Cavern Creatures is a vertically scrolling shooter for the Apple II written by Paul Lowrance and published by Datamost in 1983. The title screen artwork is by Art Huff. The game is similar to the 1981 game Caverns of Mars for the Atari 8-bit computers.

==Gameplay==

The player controls a small craft, navigating it through a series of winding caverns and tunnels while shooting or avoiding obstacles. The caverns scroll from the bottom of the screen to the top at a fixed speed, so the player must always move forward.

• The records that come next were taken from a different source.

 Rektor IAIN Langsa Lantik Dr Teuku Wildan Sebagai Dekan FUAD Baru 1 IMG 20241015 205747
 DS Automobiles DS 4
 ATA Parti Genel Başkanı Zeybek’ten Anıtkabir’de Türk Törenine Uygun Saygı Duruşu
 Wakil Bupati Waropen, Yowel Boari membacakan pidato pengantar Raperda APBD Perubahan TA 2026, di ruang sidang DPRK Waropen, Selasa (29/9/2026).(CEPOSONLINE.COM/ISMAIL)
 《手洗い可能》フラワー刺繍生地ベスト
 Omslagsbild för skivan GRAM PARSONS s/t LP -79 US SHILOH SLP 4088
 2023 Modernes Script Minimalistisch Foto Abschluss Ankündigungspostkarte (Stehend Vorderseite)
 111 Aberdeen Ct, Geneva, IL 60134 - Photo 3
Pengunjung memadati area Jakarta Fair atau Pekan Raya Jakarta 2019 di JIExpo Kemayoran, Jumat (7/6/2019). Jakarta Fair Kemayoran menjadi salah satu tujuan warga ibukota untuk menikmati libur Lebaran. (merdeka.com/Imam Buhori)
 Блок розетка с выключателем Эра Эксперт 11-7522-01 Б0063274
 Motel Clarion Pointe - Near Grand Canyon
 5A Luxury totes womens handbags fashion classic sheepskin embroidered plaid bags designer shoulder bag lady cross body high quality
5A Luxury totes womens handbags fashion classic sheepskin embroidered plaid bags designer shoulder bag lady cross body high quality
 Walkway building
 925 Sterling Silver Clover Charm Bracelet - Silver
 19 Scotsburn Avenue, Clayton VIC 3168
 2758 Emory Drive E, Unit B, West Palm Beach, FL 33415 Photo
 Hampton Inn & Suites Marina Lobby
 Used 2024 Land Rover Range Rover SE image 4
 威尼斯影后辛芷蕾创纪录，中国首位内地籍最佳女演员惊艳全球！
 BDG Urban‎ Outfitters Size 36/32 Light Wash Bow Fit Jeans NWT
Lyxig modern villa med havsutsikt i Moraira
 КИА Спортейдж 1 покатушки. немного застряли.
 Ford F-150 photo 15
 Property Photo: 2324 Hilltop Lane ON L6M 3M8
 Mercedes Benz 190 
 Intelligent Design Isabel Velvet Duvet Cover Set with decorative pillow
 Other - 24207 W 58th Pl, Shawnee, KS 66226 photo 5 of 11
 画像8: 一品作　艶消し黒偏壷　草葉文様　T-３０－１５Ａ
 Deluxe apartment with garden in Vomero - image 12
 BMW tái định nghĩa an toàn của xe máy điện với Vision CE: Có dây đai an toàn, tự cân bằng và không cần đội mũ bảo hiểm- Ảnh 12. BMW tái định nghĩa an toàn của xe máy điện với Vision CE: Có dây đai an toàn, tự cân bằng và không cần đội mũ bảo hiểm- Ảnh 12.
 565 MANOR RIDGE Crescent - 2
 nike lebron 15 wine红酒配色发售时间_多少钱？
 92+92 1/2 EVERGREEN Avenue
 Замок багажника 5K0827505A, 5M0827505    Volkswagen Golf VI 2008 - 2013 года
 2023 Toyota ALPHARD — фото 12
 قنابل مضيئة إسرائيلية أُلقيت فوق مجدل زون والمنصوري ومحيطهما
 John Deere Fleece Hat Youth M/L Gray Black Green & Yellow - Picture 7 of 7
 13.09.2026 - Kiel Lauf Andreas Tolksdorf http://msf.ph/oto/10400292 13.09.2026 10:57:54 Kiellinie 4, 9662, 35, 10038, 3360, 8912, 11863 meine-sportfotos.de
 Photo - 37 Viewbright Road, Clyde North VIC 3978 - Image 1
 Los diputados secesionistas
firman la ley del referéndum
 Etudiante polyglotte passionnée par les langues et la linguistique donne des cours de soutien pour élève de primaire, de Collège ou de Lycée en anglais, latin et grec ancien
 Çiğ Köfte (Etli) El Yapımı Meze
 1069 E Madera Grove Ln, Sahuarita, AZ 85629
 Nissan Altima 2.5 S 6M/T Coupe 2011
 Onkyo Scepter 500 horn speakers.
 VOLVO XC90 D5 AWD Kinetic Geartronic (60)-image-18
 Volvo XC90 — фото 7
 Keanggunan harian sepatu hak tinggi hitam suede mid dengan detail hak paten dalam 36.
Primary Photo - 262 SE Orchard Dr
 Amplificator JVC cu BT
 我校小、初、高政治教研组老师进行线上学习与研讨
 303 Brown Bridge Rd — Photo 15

The obstacles filling the tunnels are mostly the eponymous "creatures" and appear as simple icons like smiley faces, floppy diskettes, birds, eyes, apples, bunches of grapes, Pac-Man ghosts, baseball hats, turrets, etc. Many of these objects are animated, but they do not actually move about. The player's craft fires bolts of energy simultaneously in three directions (left, right and forward) that destroy the creatures but consume the ship's energy, tracked by a green bar at the bottom of the screen. Energy is replenished by shooting occasional "tanks" on the tunnel walls.

Special objects in the caverns include indestructible Rubik's Cube-like boxes that can be shot to gain extra points, indestructible wriggling snakes (one of the cavern's few mobile opponents), and pulsing energy barriers.

The craft is destroyed if it strikes any object or the cavern wall; a new one can be put back into play at any position on the screen. The game ends when the last craft is destroyed or when the player beats the final challenge. The game's introduction promises that "the end battle will be a surprise that no one can miss."

==Reception==
Softline noted Cavern Creatures resemblance to the Atari 8-bit game Caverns of Mars and called the graphics "top-notch" and "wonderful". The magazine concluded that it "combines the best action of maze games with the excitement and challenge of the arcade".

Computer Gaming World wrote, "This is a case of 'The box artwork has little to do with the game'. The 'creatures' in this game are an assortment of symbols...but not the green meany on the box cover," and also "The underground city looks nice, the game is so-so."